Steve Whittaker and Julia Hirschberg’s article The Character, Value, and Management of Personal Paper Archives made me think a lot of my work in my current and previous offices. I used to work for a fairly large law firm in Boston. I worked there for two years and during that time the V.P. would always talk about how we were “going digital.” All legal and court documents would be scanned and placed on the network for easy access and that the originals would be kept on site but rarely used. It was wishful thinking and it never happened. Needless to say we often had problems with misplaced documents. Thinking back it was actually really bad. We were supposed to make copies of all legal documents, because if we had to send a document back to the court we would have a copy. Well, not everyone did this. So we would send the original back, then need to look at a copy, which we did not have. Not the best scenario. So having a digital archive of all legal documents would have been extremely helpful.

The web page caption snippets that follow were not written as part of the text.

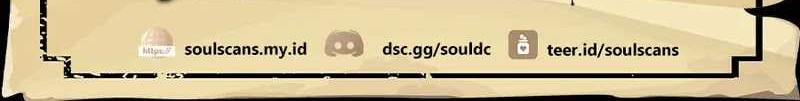 My Master Only Breaks Through Every Time the Limit Is Reached Chapter 81 - halaman 47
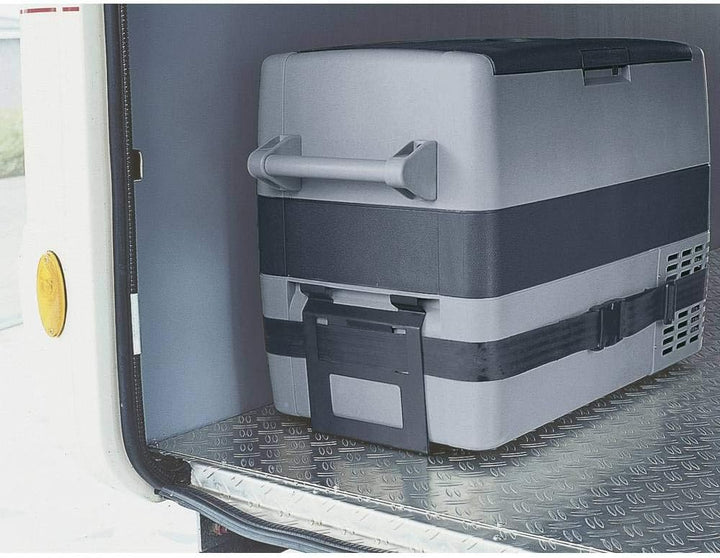 Dometic Befestigungskit für CF-16 und CF-26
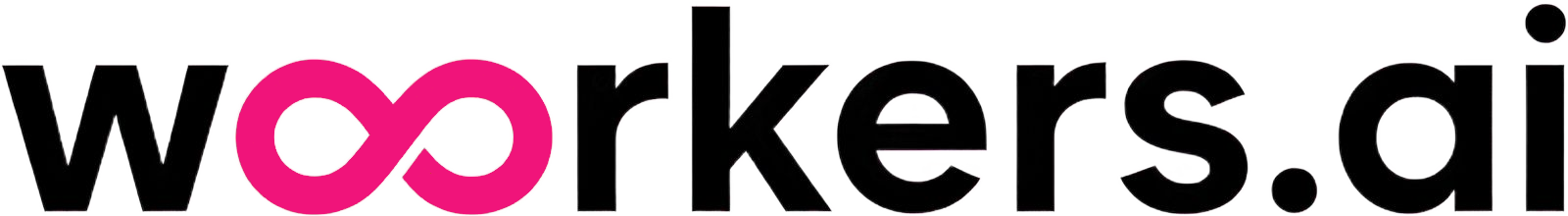 Logo principal (HD)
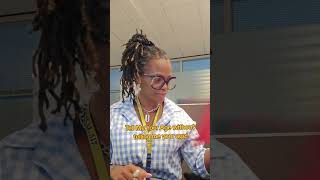 This One Egg I Got Left Is Showing Out Good Griefpermenopause hotflashes stellamatthews fyp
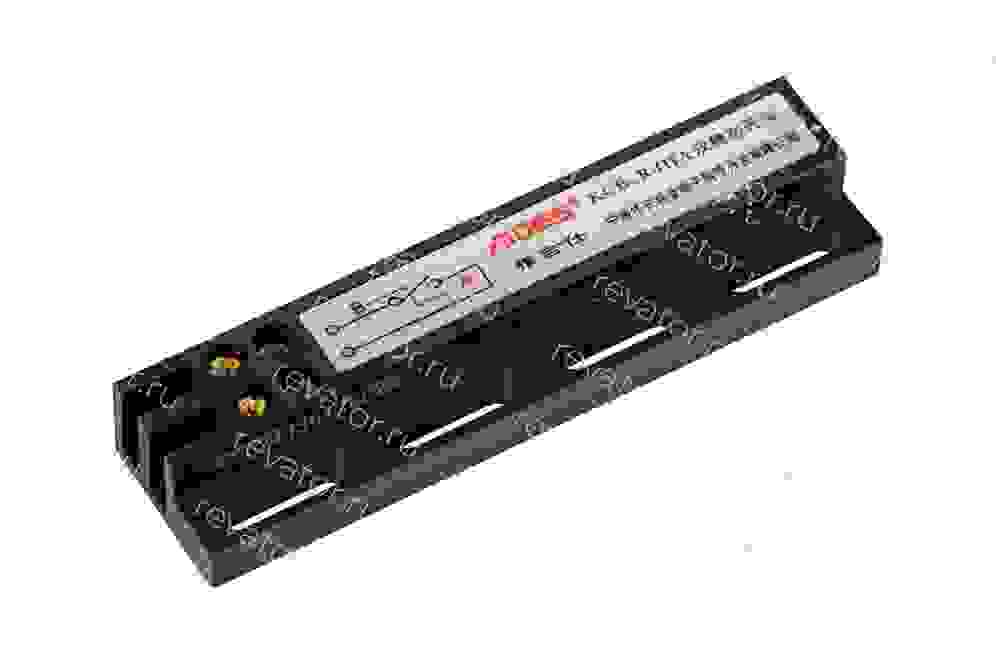 Датчик бистабильный KCB-R-IIIA XAA661G1 Otis
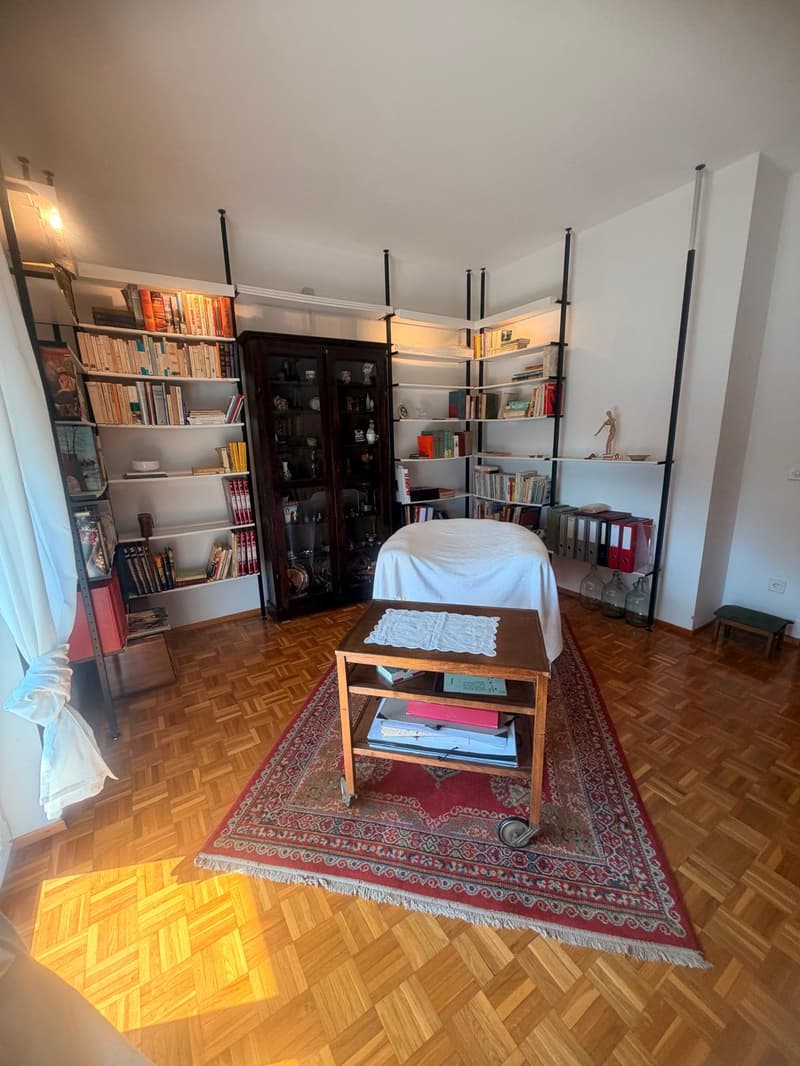Villa indipendente Muggio (8)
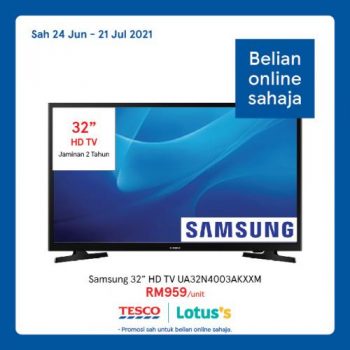 Tesco-Lotuss-REKOMEN-Promotion-12-2-350x350 - Johor Kedah Kelantan Kuala Lumpur Melaka Negeri Sembilan Online Store Pahang Penang Perak Perlis Promotions & Freebies Putrajaya Sabah Sarawak Selangor Supermarket & Hypermarket Terengganu 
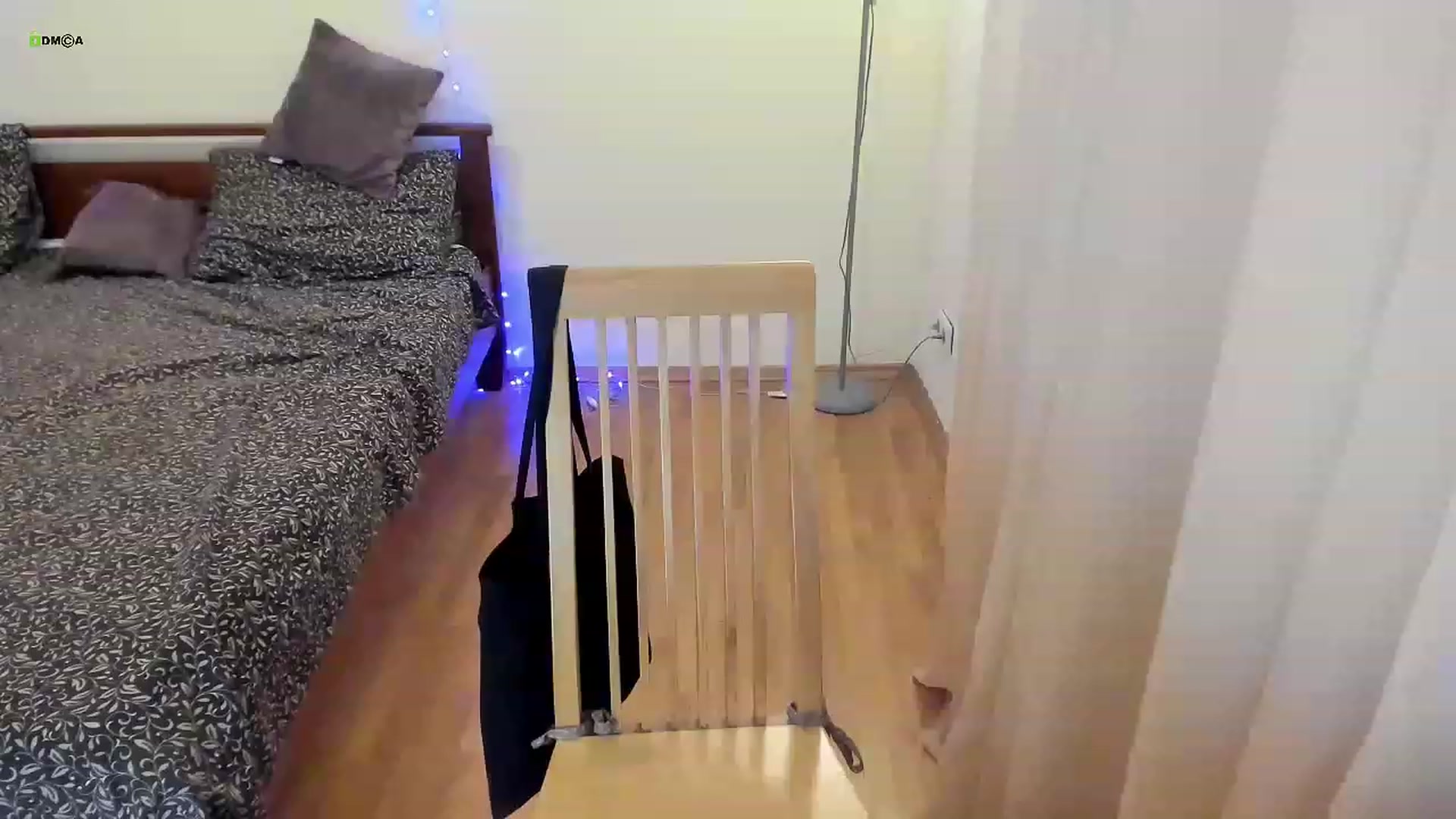 Gallery image thumbnail from bad_marg's myfreecams stream on, 07/28/2023, 17:48 image 15 of 20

This article also made me think of how people tend to keep more paper than they probably need to. At my old job my desk was filled with documents I may have looked at once and just stuffed in the drawer. So I was not very surprised with the counterintuitive findings of holding onto documents. I was also guilty of having numerous copies of manuals or instructions in my desk that I look at infrequently. When I would clean my desk I would think do I have a use for this, more often I would say yes, even if I rarely referred to something. So my desk was usually filled with documents I really did not need. I guess people have a tendency to save things, which in the corporate world can take up a lot of space and time as well. After all cleaning your desk while it is useful, it is also a waste of the company’s time. Ideally one would know right away what to do with a document i.e. save it or throw it out.
February 13th, 2006 at 11:31 pm
So, I’m curious how you’d connect your work experiences with your practices as a historian - do the same things apply w/r/t the hoarding of paper? Is the “myth of the paperless office” as pervasive in the history world of preservation and digital archives as it is in the legal realm? Why?